What XML library should I use to populate the generated structs?
pugixml is the most common choice for new C++ projects — header-only or static lib, MIT licensed, XPath 1.0 support, and a clean DOM API. rapidxml is faster (fully in-place parsing, zero allocation for the DOM) but only handles well-formed XML and has fewer convenience methods. libxml2 is the GNOME C library with the broadest feature set (XSD, RelaxNG, XPath 2.0) but requires linking C bindings. The generated structs work with all three — they are plain data, not bound to any parser.
Are XML attributes distinguishable in the output?
Yes. Each generated field carries an inline comment marking it as either "<- attribute" or "<- <element>". When you wire up pugixml you call node.attribute("id").value() for the attribute fields and node.child("title").text().get() for the element fields — the comment tells you which path applies.
Why std::string instead of std::string_view?
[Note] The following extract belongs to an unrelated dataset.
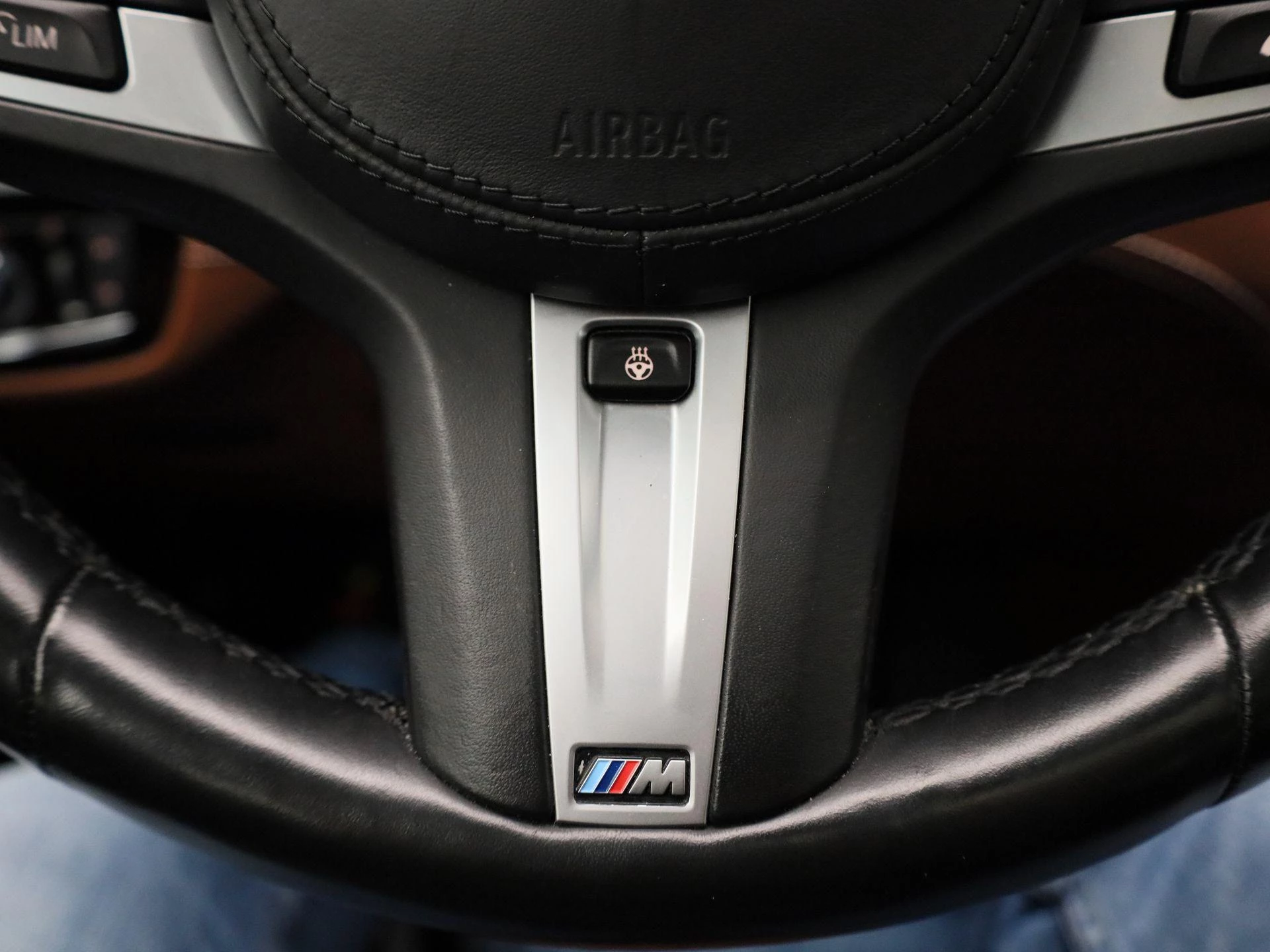 BMW 5 Serie M550i xDrive High Executive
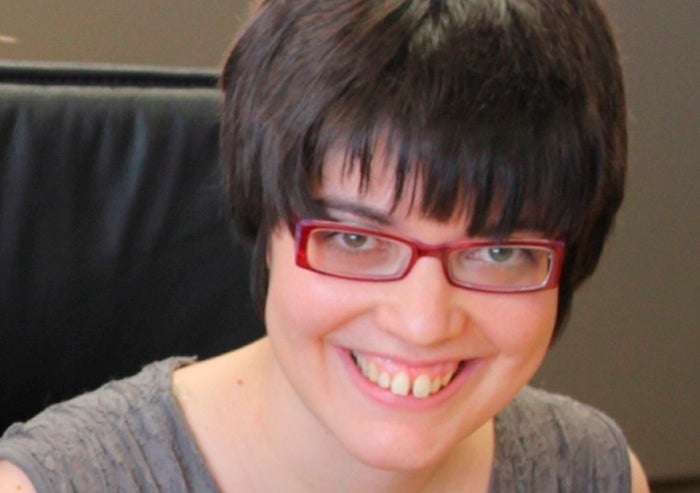 Claudia Tecglen, psicóloga con parálisis cerebral: "La educación es lo único que no nos pueden arrebatar" Claudia Tecglen, psicóloga con parálisis cerebral: "La educación es lo único que no nos pueden arrebatar"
std::string owns its storage and is safe to keep around after the XML buffer is freed. std::string_view points into the original buffer — fast for read-only scanning but a use-after-free bug if the buffer is freed before the view. The generator picks the safe default; switch to string_view yourself if you control buffer lifetime, e.g. with rapidxml in-place parsing.
How are repeated elements like <tag> represented?
Repeated child elements become a std::vector<T> field on the parent struct, with T inferred from the first occurrence. For pugixml, populate via for (auto t : node.child("tags").children("tag")) tags.push_back({t.text().get()}); — the vector grows naturally as you walk the DOM.
What C++ standard is required?
C++11 is sufficient — std::string and std::vector are pre-C++11. If you want aggregate initialization on every struct (Book b = {"id", "lang", ...};) you need C++17 mandatory copy elision and brace-elision rules to be reliable. C++20 designated initializers (Book b = {.id = "bk101", .title = "..."}) make the generated structs even friendlier to construct manually.
How do I serialize back to XML?
pugixml: build the DOM manually with node.append_attribute("id") = book.id.c_str(); and node.append_child("title").text() = book.title.c_str();. There is no automatic reflection in C++ before C++26, so the round-trip code is hand-written. For Boost.Serialization or cereal you can add a serialize() method to each struct.
Is the XML I paste sent to your servers?
No. XML is parsed by the browser DOMParser and the C++ source is generated entirely in JavaScript on your machine. Open DevTools → Network and you will see no requests when you click Convert. Safe for SOAP responses and configuration files containing API keys or credentials.
Why structs instead of classes with private fields?
XML data classes are pure value containers — encapsulation buys nothing because every field is public-by-purpose. struct (which is just class with public default access in C++) signals "data" instead of "behaviour", matches the conventions of pugixml / Boost.PropertyTree, and supports aggregate initialization out of the box. Add a class wrapper if you need invariants or computed methods.